What about all those umpires who get away with terrible on-field decisions? Imagine a scenario where as soon as an umpire is overruled by video replay, blights stitched into the fabric of his clothing begin to blink. In order to not disturb batsmen, these blights will only go off on the back portion of the umpire's clothing. The lights will blink continuously until the umpire makes a tight call that is sent for review and is proved to be correct. If an umpire is unable to make a correct call by the end of the match, he will appear for his next match in an uniform that is already blinking.

Imagine the humiliation when umpires have to go home blinking from their reverse side.

"Hey Dharmasena," people will shout, "Hey, hey, hey umpire. I am throwing a dance party at home. Can you please come stand near the dance floor and go round and round?"

This will create an excellent incentive for umpires to take their jobs more seriously.

Indian fans will particularly like my final scenario.

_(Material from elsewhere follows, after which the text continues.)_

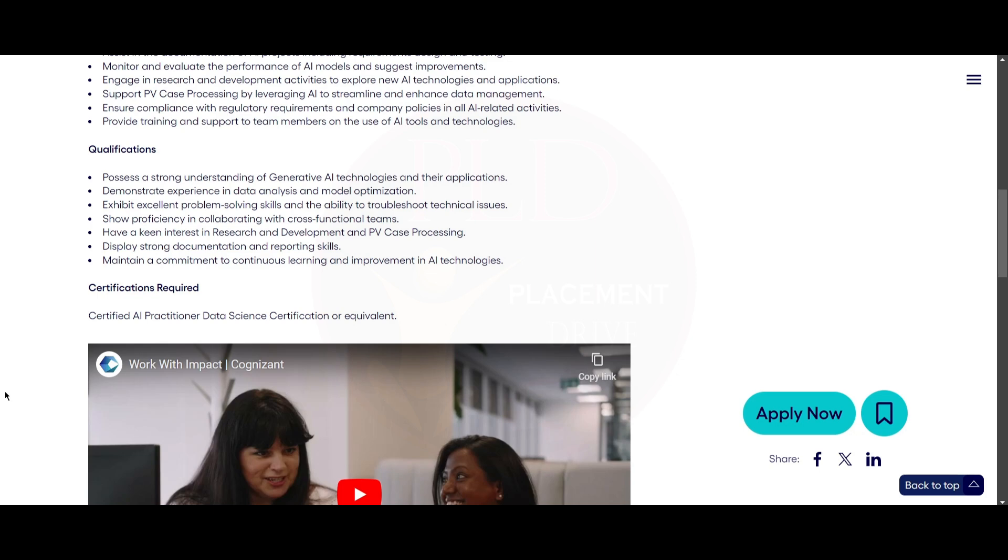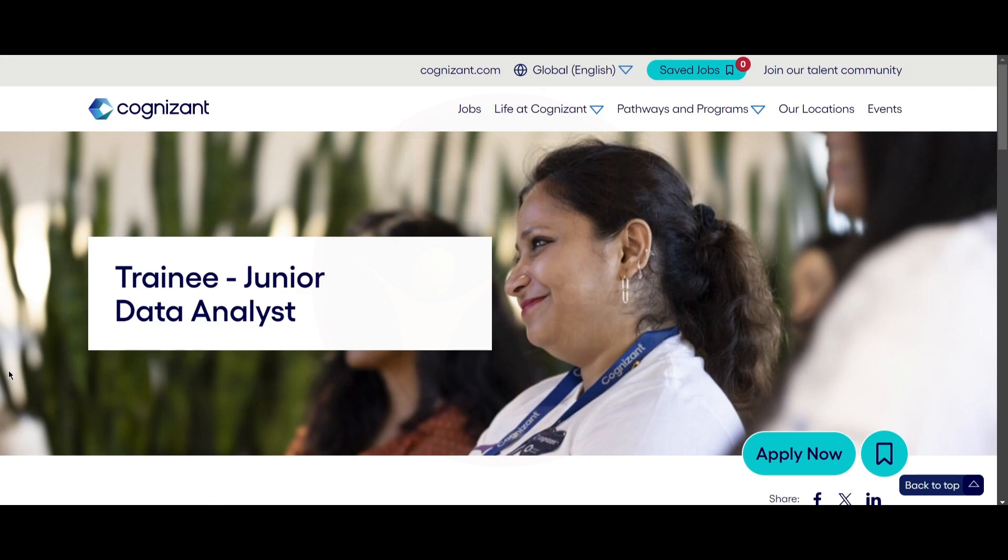You should have a keen interest in research and development and PV case processing, strong documentation and reporting skills, and a commitment to continuous learning in AI technologies. A certification is also required — a certified AI practitioner, data science certification, or equivalent. The upload link will be provided in the description. If you found this video helpful, hit the like button, subscribe, and share it with your friends.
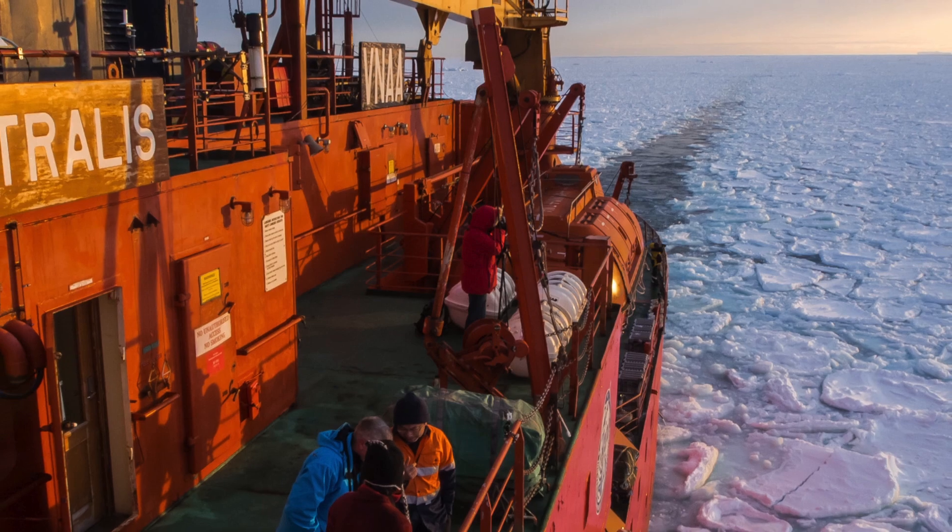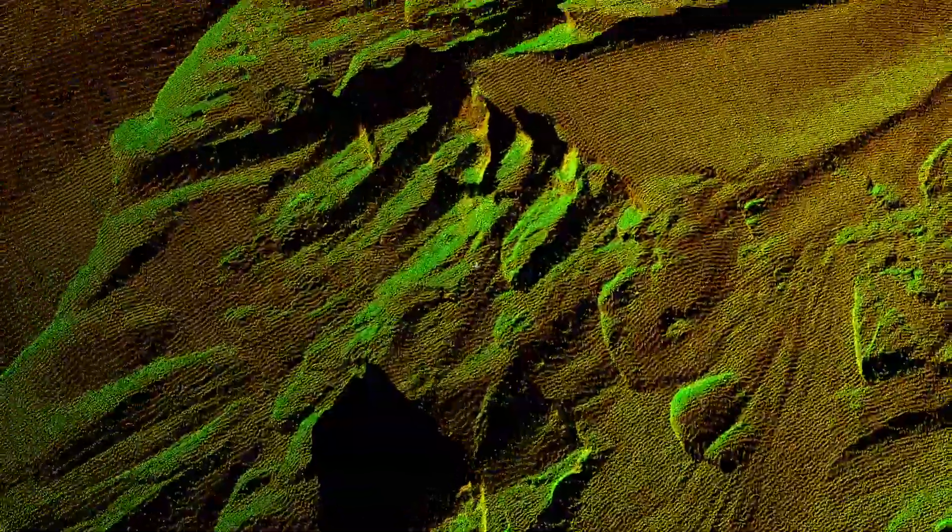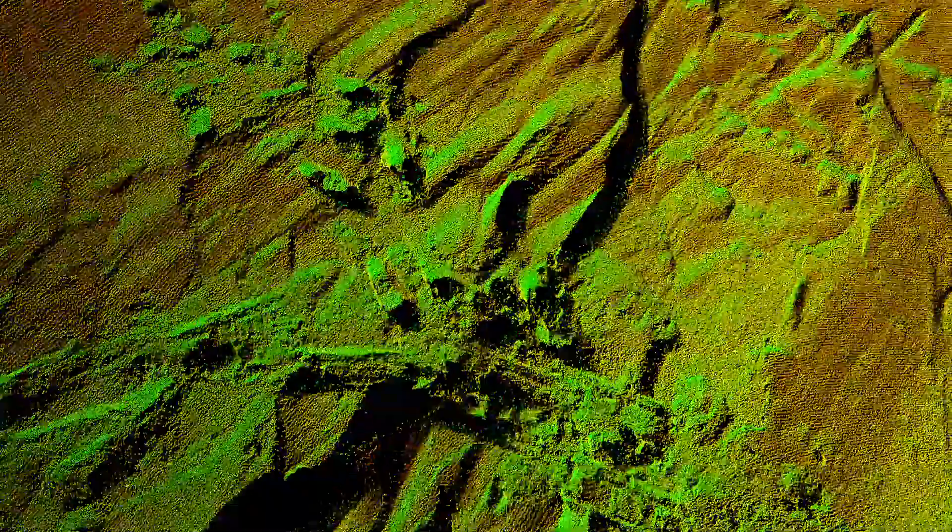We arrived on board an Antarctic icebreaker called the Aurora Australis. Right before a storm occurred over this particular location, we used a terrestrial laser scanner to obtain a three-dimensional picture of sea ice flows, measuring at very detailed resolutions on the order of centimeters.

Imagine, if you can, that an Indian bowler has taken a wicket. It is a very important wicket and could mean victory, and zero IPL bids for the batsman. Up goes the umpire's finger, and instantly Suresh Raina starts blinking. This gives other fielders and the bowler a chance to evade Raina as he attempts to assault them with his celebration.

Truly an elegant solution that will reduce the incidence of injury and make India matches more palatable for a family audience.

With plummeting interest in the World Cup, the ICC has to up the game somewhat. And a way to do that is blinking at them right in the face.